Previous evidence suggests that extensive long-term sensitization training of defensive withdrawal reflexes is correlated with structural changes in sensory neurons forming the afferent limb of the reflex (Bailey and Chen 1988a; Wainwright et al. 2002). Therefore sensory neuron outgrowth could contribute to enhancement of the sensorimotor connection through new synapse formation (Bailey and Chen 1988b). Indeed, long-term sensitization training does lead to an increased number of synapses onto motor neurons (Bailey and Chen 1988b), but the source of the new synapses is unknown. Consequently, despite the appeal of the hypothesis, there is no direct evidence that long-term sensitization in the intact animal affects the number of synapses between individual pairs of sensory and motor neurons.
An in vitro analogue of long-term sensitization has been used to examine features of neurite outgrowth and varicosity formation in cultured neurons. Twenty-four hours after pulsed application of serotonin, synaptic strength is enhanced, and neurite outgrowth and varicosity formation are increased (Glanzman et al. 1990). This process is blocked by inhibitors of transcription or translation (Bailey et al. 1992). Activation of protein kinase A and MAP kinase appears to be required, as well as downregulation of apCAM from the surface of sensory neurons (Bailey et al. 1996; Michael et al. 1998). It should be pointed out, however, that behavioral training experiments with the same time course did not produced observable changes in sensory neuron structure (Wainwright et al. 2002).

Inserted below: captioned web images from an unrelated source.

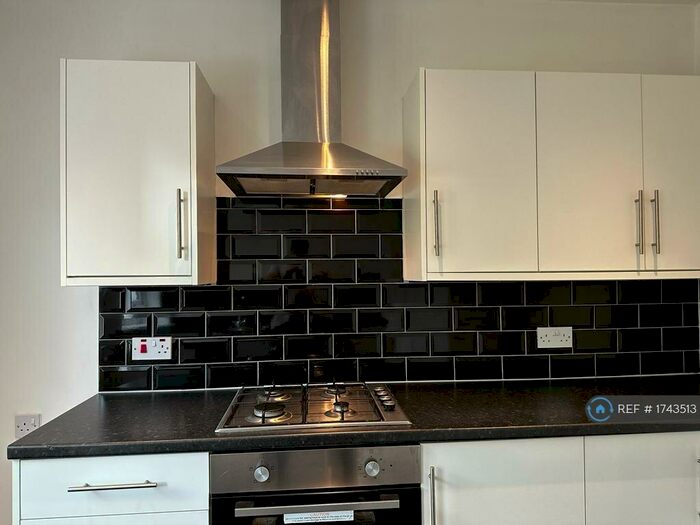 3 Bedroom Flat To Rent In Cherry Crescent, Clydebank, G81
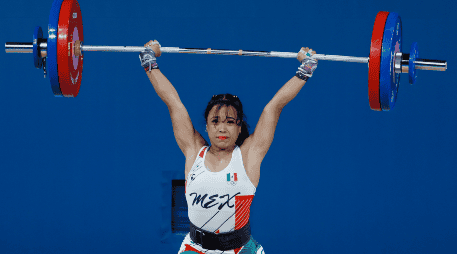 JANETH GÓMEZ. Hace 16 años se enamoró de la halterofilia viendo los Juegos Olímpicos de Beijing, pero esta mañana fue ella quien subió a la tarima de París 2024. EFE / M. Irham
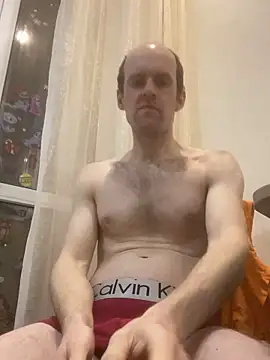 LynnAhNight online show from April 2026 05:20:01 PM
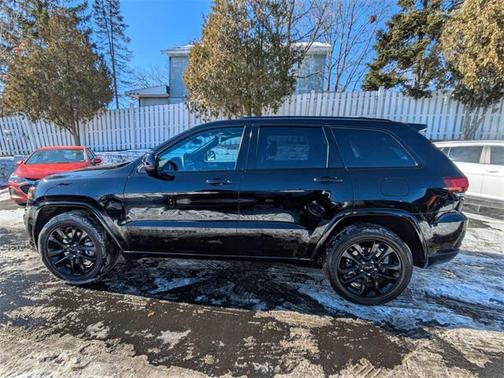 2021 Jeep Grand Cherokee Laredo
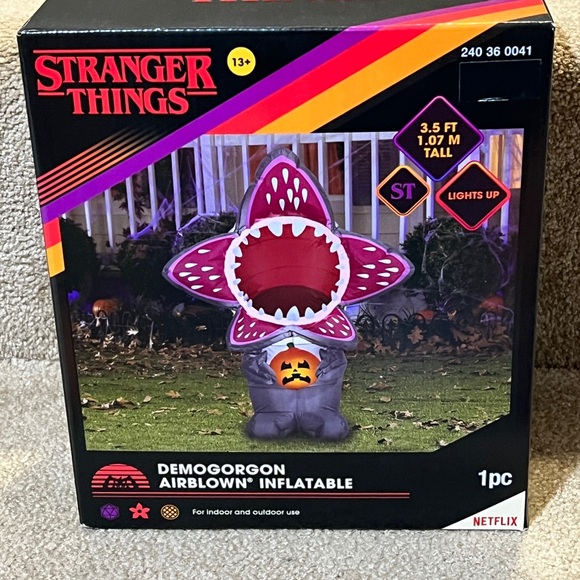 Stranger Things Inflatable Holiday | Netflix 35 Inflatable Demogorgon With Pumpkin Stranger Things ...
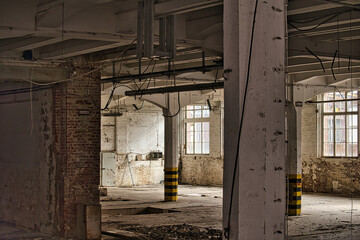 alte verlassene Werkhalle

Synapse formation cannot, however, be the only mechanism underlying long-term sensitization. For example, both long-term sensitization and long-term facilitation of sensorimotor connections is produced by either a single day of training or 4 days of training. Structural changes are only induced when animals are trained for 4 days, however (Wainwright et al. 2002). Therefore long-term sensitization produced by 1 day of training does not induce observable structural changes. Moreover, recent experiments in sensorimotor co-cultures suggest that synaptic strength can be enhanced in the absence of structural changes (Casadio et al. 1999; Sun and Schacher 1998). Thus modification of preexisting synapses may also play a role in long-term sensitization produced by 4 days of training.

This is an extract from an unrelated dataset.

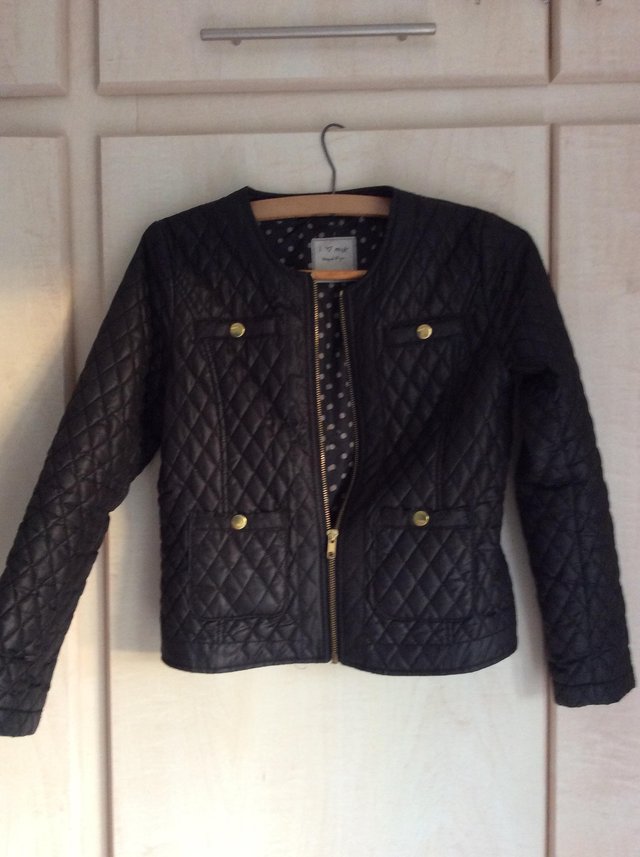 Preview of the first image of Children’s fitted jacket.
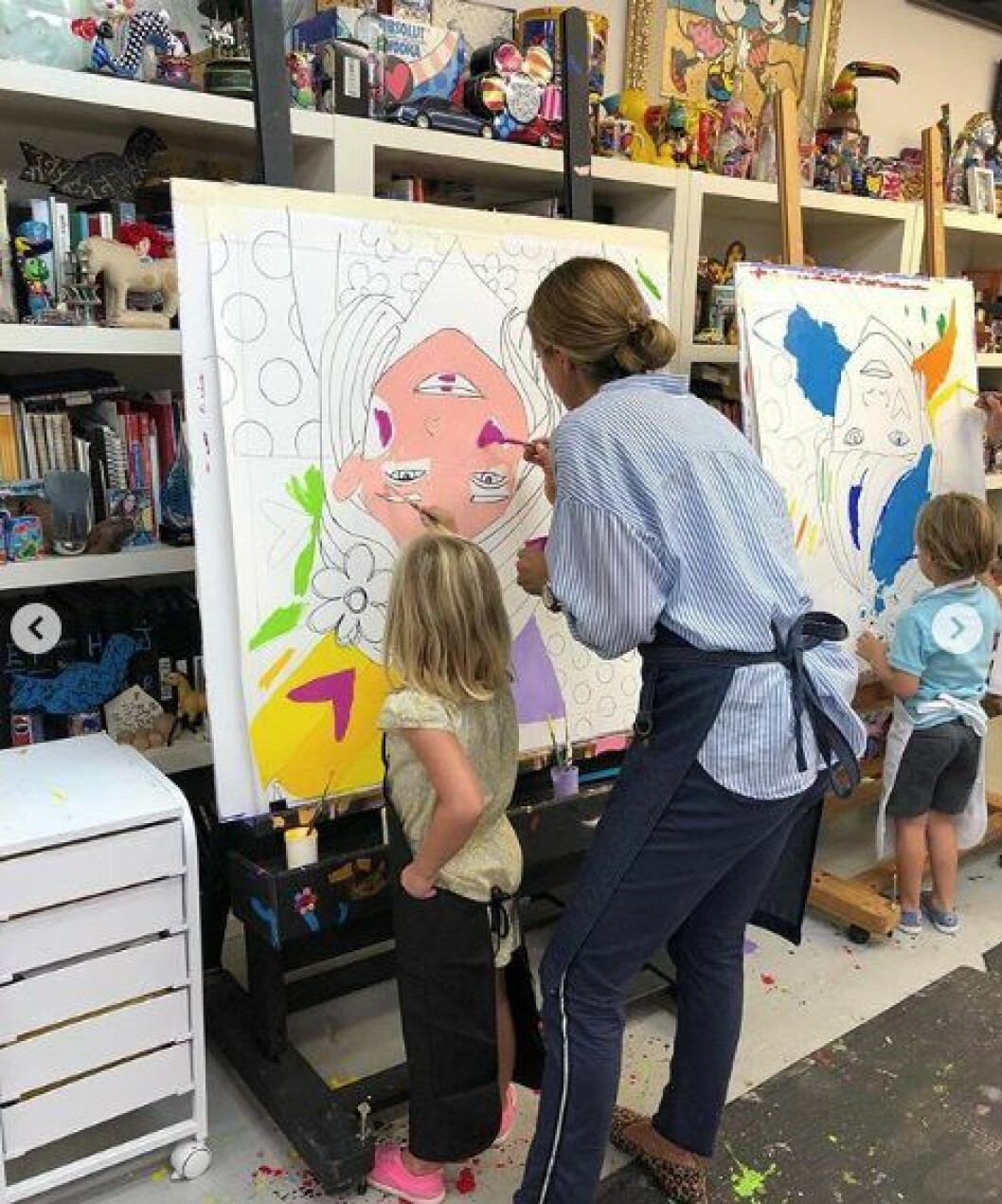 Prinsessan Madeleine och prinsessan Leonore färglägger porträttet av prinsessan Leonore. Längre bak sen ni prins Nicolas som målar sitt porträtt! Prinsessan Madeleine och prinsessan Leonore färglägger porträttet av prinsessan Leonore. Längre bak sen ni prins Nicolas som målar sitt porträtt!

One way to address this issue is to examine the effect of behavioral training on the number of sensorimotor synapses and compare that with the effect on synaptic strength. In practice, this is difficult to accomplish because of the rigid criteria for demonstrating functional synaptic contacts. Recently, however, we demonstrated that confocal microscopy can be used to assess the number of appositions between sensory and motor neurons and thereby estimate synaptic strength (Zhang et al. 2003). We used this technique to examine the effects of long-term sensitization training on the number of sensorimotor appositions and on two electrophysiological correlates, synaptic strength and sensory neuron excitability.

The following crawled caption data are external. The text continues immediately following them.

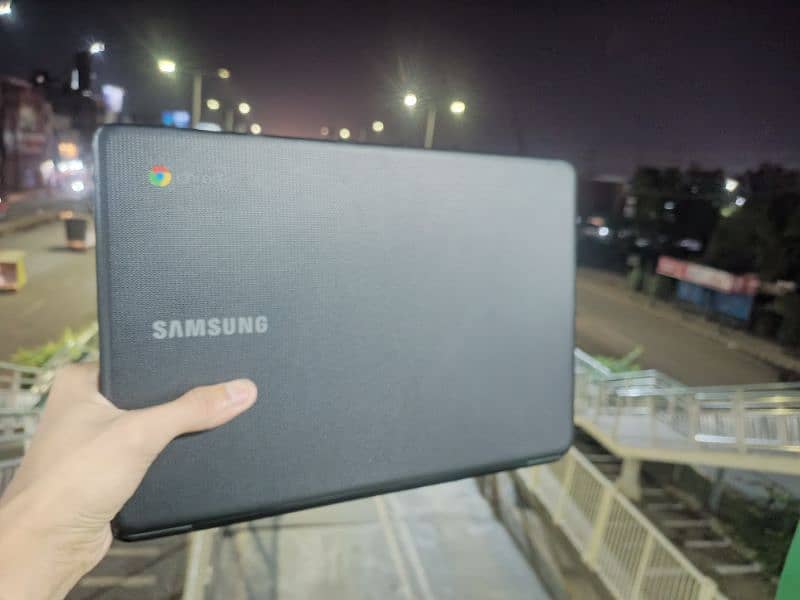 Chrome Book Samsung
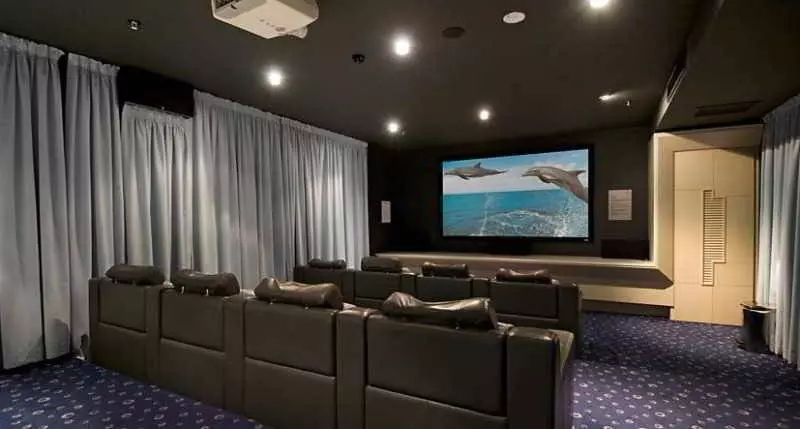 리조트 Artique Surfers Paradise   Official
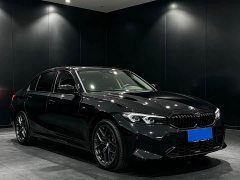 BMW 3 Series 330Li M Sport Night Edition Package - ფოტო 3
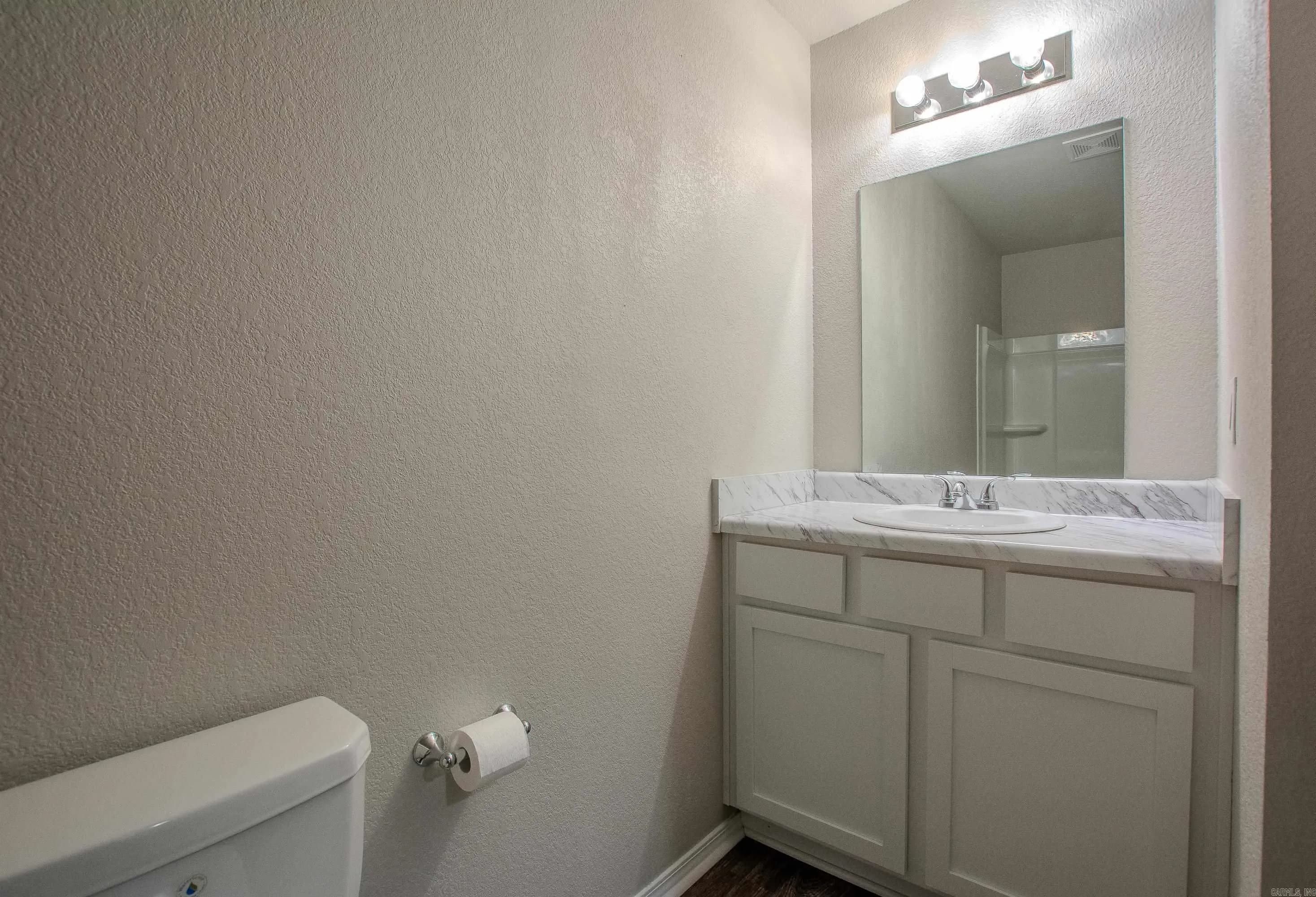 Property at 2097  Bentwood - Image 25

Animals were exposed to long-term sensitization training as described previously (Wainwright et al. 2002). The tail-siphon withdrawal reflex was elicited by weak AC electrical stimulation of electrodes implanted bilaterally in the tail 
1 cm rostral to the tip of the tail and 0.5 cm lateral to the midline. The duration of the stimulating pulse was 20 ms, and the intensity was twice the threshold for eliciting the reflex. After a pretraining assessment of the strength of the reflex, four trains (1 Hz, 10 s) of sensitizing AC stimuli (500 ms, 60 mA) were delivered at intervals of 30 min (Fig. 1A ). Stimuli were delivered diffusely to the lateral body wall outside of the receptive field of tail sensory neurons. This procedure was repeated for three additional days at 24-h intervals. The stimuli were delivered to just one side of the animal; a balanced number of animals received stimulation on left and right sides. The posttraining assessment was performed 24 h after the last day of training, on day 5.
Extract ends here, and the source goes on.